Supplied records ▸

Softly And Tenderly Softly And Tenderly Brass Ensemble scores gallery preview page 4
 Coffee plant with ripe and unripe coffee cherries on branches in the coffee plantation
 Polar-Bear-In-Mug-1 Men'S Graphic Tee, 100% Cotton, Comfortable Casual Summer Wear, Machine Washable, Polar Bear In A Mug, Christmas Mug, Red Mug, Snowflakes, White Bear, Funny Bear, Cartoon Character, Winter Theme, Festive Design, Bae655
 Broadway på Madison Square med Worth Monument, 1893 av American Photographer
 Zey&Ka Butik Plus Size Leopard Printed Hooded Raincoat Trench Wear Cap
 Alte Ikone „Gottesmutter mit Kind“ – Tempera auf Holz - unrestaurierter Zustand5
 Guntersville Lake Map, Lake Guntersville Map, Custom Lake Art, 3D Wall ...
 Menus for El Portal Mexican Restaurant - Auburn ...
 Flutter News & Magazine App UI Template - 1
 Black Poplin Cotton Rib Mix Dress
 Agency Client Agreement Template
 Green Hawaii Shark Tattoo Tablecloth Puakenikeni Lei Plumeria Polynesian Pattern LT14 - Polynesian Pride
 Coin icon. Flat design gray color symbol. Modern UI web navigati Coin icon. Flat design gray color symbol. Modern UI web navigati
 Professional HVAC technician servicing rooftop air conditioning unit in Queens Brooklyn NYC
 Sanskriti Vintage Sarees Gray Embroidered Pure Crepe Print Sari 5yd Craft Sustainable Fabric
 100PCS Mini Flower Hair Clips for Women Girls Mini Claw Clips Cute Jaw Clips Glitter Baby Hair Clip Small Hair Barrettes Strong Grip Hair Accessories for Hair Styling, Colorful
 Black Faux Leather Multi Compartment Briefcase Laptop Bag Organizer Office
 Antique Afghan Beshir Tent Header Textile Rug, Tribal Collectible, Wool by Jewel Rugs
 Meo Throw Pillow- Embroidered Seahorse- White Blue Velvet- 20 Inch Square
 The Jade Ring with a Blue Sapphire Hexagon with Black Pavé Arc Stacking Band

Exercise requirements ▸ Emit an exact copy of the lines spanning the start of the records to the line containing "Professional HVAC technician", inclusive, and no other output.

Task response ▸
Softly And Tenderly Softly And Tenderly Brass Ensemble scores gallery preview page 4
 Coffee plant with ripe and unripe coffee cherries on branches in the coffee plantation
 Polar-Bear-In-Mug-1 Men'S Graphic Tee, 100% Cotton, Comfortable Casual Summer Wear, Machine Washable, Polar Bear In A Mug, Christmas Mug, Red Mug, Snowflakes, White Bear, Funny Bear, Cartoon Character, Winter Theme, Festive Design, Bae655
 Broadway på Madison Square med Worth Monument, 1893 av American Photographer
 Zey&Ka Butik Plus Size Leopard Printed Hooded Raincoat Trench Wear Cap
 Alte Ikone „Gottesmutter mit Kind“ – Tempera auf Holz - unrestaurierter Zustand5
 Guntersville Lake Map, Lake Guntersville Map, Custom Lake Art, 3D Wall ...
 Menus for El Portal Mexican Restaurant - Auburn ...
 Flutter News & Magazine App UI Template - 1
 Black Poplin Cotton Rib Mix Dress
 Agency Client Agreement Template
 Green Hawaii Shark Tattoo Tablecloth Puakenikeni Lei Plumeria Polynesian Pattern LT14 - Polynesian Pride
 Coin icon. Flat design gray color symbol. Modern UI web navigati Coin icon. Flat design gray color symbol. Modern UI web navigati
 Professional HVAC technician servicing rooftop air conditioning unit in Queens Brooklyn NYC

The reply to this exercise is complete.